SUPPLIED DATA below:

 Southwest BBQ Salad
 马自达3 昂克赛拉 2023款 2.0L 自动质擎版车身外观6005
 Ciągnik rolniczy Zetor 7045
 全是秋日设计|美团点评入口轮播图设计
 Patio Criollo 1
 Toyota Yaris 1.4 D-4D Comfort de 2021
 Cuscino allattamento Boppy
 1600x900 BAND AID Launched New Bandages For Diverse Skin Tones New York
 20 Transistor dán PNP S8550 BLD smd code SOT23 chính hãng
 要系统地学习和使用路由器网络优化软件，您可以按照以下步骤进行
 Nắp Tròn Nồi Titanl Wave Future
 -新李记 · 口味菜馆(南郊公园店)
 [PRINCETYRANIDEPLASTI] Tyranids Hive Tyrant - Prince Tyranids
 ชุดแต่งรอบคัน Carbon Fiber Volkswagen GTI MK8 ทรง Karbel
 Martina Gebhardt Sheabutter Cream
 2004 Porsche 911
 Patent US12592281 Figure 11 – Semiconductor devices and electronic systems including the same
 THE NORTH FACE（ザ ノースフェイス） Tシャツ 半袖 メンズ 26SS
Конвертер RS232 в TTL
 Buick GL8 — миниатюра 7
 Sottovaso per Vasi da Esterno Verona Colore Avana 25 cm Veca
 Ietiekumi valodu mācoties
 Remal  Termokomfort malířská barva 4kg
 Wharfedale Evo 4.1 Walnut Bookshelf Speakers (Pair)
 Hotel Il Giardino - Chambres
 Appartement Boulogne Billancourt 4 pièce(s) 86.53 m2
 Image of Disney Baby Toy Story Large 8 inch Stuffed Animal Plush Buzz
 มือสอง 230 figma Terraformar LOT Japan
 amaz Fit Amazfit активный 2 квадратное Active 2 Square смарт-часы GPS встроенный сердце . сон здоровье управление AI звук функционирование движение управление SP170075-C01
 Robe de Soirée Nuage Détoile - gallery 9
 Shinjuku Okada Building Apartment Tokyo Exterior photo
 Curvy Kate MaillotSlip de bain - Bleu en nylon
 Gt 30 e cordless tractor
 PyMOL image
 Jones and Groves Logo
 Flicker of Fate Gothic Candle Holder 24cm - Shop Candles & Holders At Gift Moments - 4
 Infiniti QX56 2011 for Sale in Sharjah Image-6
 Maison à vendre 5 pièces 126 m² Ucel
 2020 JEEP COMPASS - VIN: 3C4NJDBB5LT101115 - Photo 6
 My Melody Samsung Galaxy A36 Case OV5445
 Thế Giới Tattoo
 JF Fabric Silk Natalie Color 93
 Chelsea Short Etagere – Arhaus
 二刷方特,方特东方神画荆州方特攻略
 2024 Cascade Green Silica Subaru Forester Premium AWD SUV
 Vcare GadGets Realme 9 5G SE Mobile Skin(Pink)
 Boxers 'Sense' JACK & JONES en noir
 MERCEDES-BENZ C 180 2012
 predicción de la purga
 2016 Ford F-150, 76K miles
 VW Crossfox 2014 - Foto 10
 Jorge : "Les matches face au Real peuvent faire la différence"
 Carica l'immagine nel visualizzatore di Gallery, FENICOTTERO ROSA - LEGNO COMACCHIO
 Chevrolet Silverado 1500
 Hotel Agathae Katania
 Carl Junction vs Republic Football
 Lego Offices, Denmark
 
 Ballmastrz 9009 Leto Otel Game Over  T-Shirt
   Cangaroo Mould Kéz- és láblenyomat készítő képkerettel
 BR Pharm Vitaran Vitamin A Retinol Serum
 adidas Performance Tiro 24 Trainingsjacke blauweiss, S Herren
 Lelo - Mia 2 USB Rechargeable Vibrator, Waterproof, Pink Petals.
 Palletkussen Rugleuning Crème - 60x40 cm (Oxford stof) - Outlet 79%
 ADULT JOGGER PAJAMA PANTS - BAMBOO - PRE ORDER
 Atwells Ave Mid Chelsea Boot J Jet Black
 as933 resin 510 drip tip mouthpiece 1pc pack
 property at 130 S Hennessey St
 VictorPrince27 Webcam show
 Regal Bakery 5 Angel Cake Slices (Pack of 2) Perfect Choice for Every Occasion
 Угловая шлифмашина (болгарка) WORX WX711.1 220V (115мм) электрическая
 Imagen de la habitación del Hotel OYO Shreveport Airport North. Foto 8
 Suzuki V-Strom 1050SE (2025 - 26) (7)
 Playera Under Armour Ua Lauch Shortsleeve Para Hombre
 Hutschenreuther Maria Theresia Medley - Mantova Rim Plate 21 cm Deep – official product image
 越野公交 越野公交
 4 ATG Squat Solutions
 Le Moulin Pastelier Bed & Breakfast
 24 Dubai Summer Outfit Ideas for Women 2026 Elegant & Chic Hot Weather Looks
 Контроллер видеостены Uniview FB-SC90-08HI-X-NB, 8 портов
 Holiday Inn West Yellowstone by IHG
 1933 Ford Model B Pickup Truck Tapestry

End of SUPPLIED DATA.

• [WHAT IS REQUIRED]: Which lines above contain the word "Hotel"? Show each of them.

• [RESULT OF THIS TASK]:
 Hotel Il Giardino - Chambres
 Hotel Agathae Katania
 Imagen de la habitación del Hotel OYO Shreveport Airport North. Foto 8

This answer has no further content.